Nací jueves por la noche, en la calle Restauración, en algún piso de la Clínica Corominas. Así que la brisa fresca de enero, esa misma que baja desde el Monumento hasta la calle 30 de Marzo, me dio en la cara como bienvenida a la vida y la ciudad.
Siempre quise ser serie 031. La primera decepción gubernamental la tuve cuando, al salir de la Junta Municipal de Santiago con mi primera cédula, el número empezaba con el 095 propio de los residentes en el municipio de Licey al Medio. No me dio la rebeldía adolescente para falsear mi dirección, situarme un poco más al oeste de la carretera Duarte.
Antes de los quince años me había aprendido las calles del centro histórico vitrineando: dos días al mes éramos libres gracias a los exámenes del colegio y sobraban dos horas matutinas que yo invertía de vitrina en vitrina, de tienda en tienda. Cuando los santiagueros todavía comprábamos cortes de tela para mandar a hacer ropa a la medida, mientras las cadenas de comida rápida se iban quedando con una esquina u otra.
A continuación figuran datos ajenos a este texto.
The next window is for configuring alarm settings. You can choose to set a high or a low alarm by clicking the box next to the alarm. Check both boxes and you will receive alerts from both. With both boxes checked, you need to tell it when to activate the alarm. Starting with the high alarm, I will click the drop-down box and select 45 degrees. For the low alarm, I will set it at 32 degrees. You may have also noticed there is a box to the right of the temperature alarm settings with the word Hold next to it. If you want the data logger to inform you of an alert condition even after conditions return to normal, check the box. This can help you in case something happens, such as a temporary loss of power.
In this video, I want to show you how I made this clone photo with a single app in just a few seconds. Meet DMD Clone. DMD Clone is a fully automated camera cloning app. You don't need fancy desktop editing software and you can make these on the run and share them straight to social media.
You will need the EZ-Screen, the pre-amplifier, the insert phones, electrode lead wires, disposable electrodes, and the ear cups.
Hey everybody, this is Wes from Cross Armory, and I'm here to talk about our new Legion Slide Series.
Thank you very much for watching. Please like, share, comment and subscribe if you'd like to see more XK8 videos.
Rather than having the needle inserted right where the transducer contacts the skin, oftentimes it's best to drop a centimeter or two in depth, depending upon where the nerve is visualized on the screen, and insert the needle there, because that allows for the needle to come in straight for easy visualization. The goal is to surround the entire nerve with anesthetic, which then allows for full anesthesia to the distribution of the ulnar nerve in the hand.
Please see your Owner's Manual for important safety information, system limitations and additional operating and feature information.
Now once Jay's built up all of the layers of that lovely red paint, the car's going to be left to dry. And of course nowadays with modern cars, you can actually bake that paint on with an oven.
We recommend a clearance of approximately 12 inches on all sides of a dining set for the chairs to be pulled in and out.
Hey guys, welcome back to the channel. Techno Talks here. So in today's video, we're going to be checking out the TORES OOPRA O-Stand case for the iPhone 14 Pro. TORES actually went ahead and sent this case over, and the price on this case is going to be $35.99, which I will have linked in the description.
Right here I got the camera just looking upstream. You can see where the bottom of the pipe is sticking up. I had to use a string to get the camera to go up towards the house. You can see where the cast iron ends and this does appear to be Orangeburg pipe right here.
De la ciudad me enamoré de noche. Cuando el centro histórico era el campus infinito de la Universidad Autónoma de Santo Domingo y las luces ya no me daban miedo, a pesar de que debíamos correr tras de la OMSA universitaria de turno.
Creo firmemente que persiste alguna magia en cierto silencio discreto de los domingos por la mañana, cuando hay menos comercio, menos gente.
Hace 20 años puse mi bandera en una de las cuatro esquinas que forman las calles Del Sol y San Luis. De ahí salían todas las llamadas que el teléfono público permitía, hoy todavía salen y llegan cartas al correo. Los limpiabotas siguen brillando zapatos. Yo sigo mirando desde allí.